▶ **INFORMATION PROVIDED**
----------

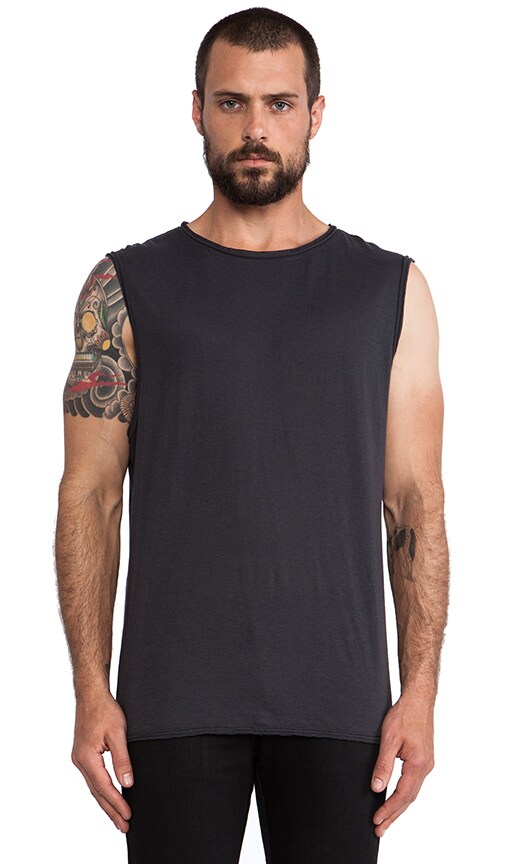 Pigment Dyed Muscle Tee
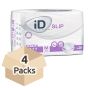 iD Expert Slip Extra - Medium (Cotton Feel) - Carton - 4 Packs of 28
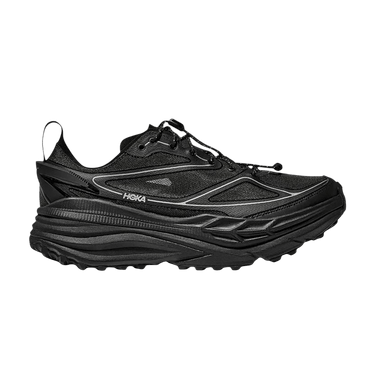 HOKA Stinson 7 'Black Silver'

----------

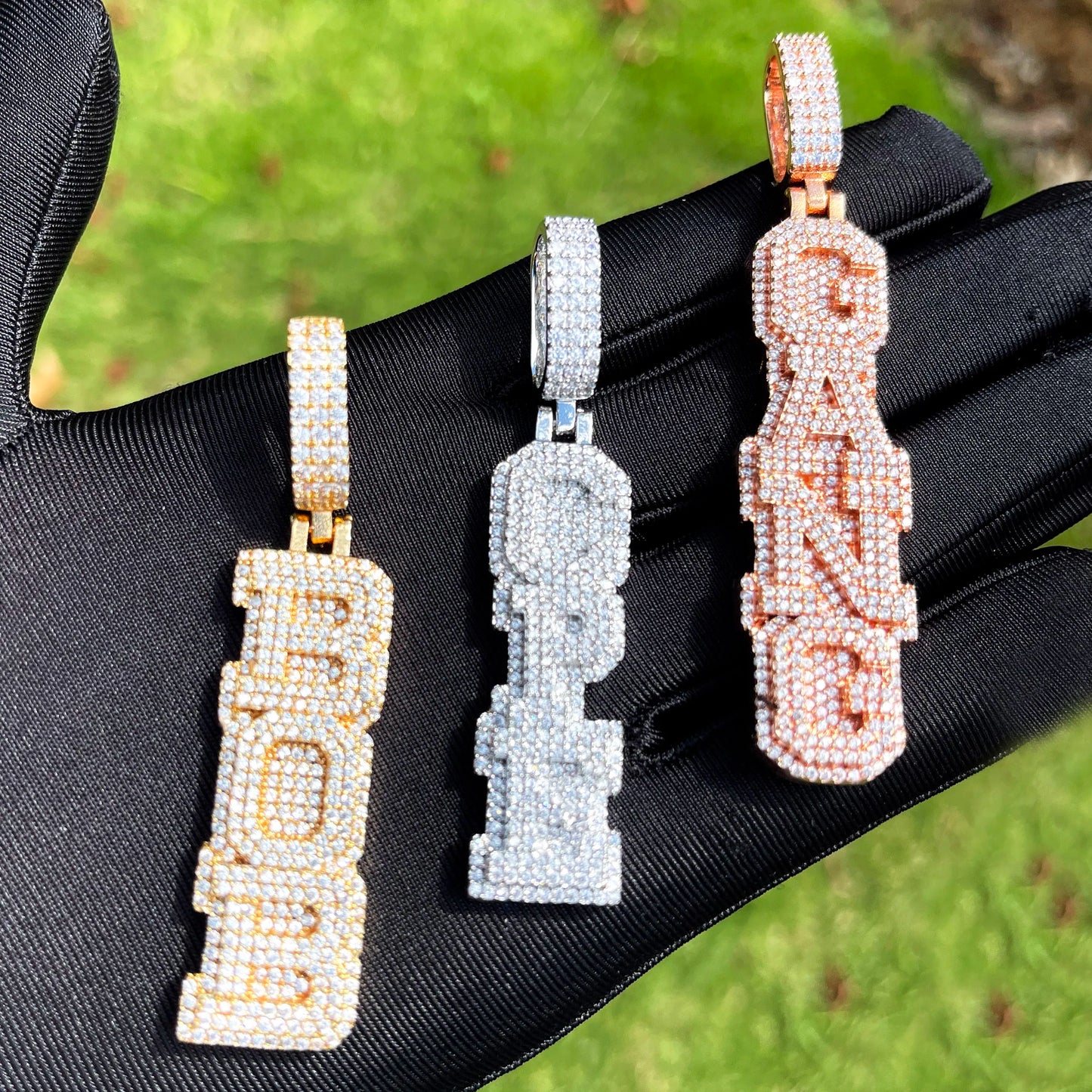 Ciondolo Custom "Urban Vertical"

----------

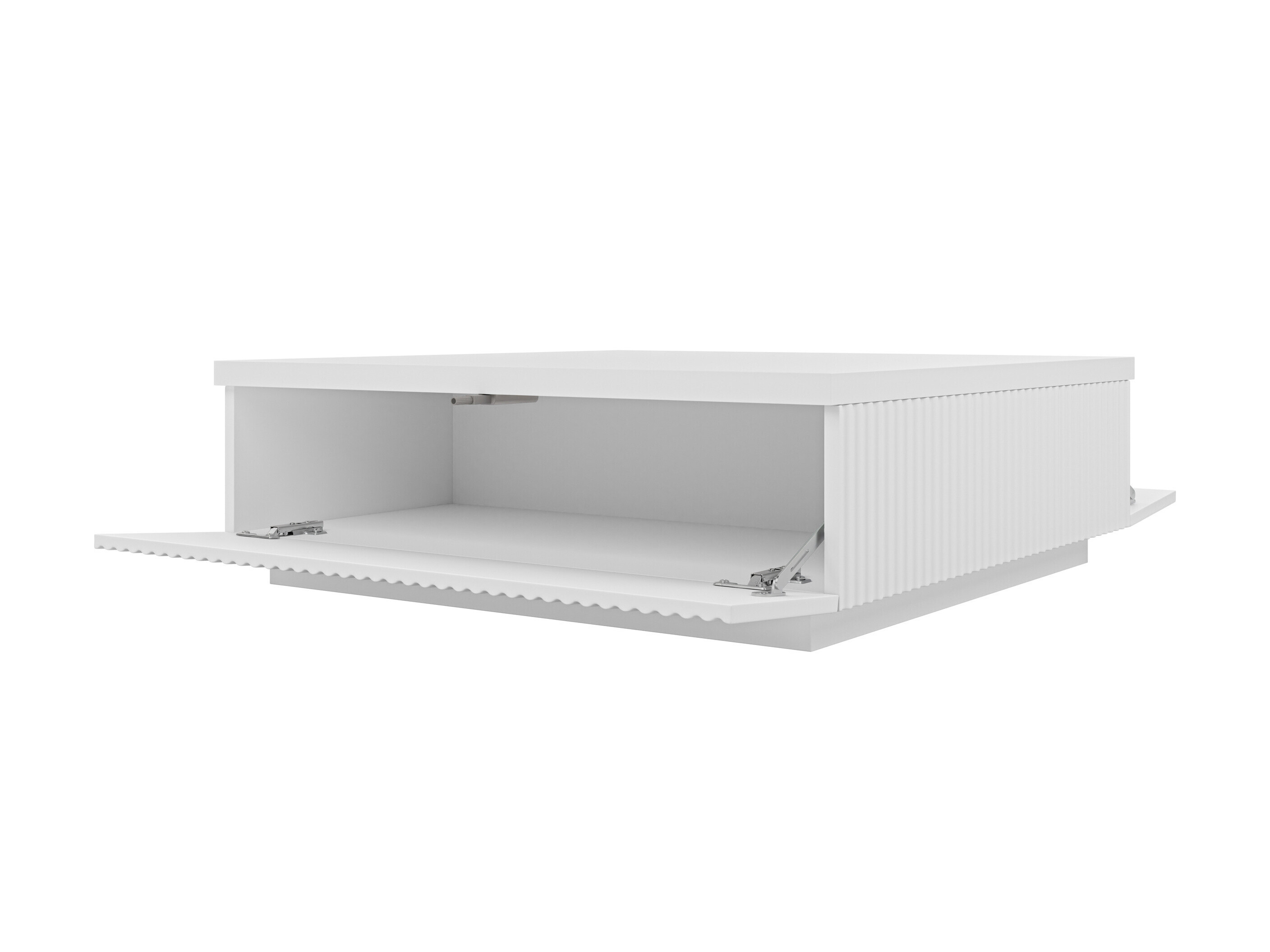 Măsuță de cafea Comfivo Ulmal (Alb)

----------

▶ **ASSIGNED TASK**
Although the records above contain pictures, the copy must not; set down exactly the lines from the one with "Pigment Dyed Muscle Tee" up to and including the one with "HOKA Stinson 7 'Black Silver'".

▶ **WRITTEN SOLUTION**
 Pigment Dyed Muscle Tee
 iD Expert Slip Extra - Medium (Cotton Feel) - Carton - 4 Packs of 28
 HOKA Stinson 7 'Black Silver'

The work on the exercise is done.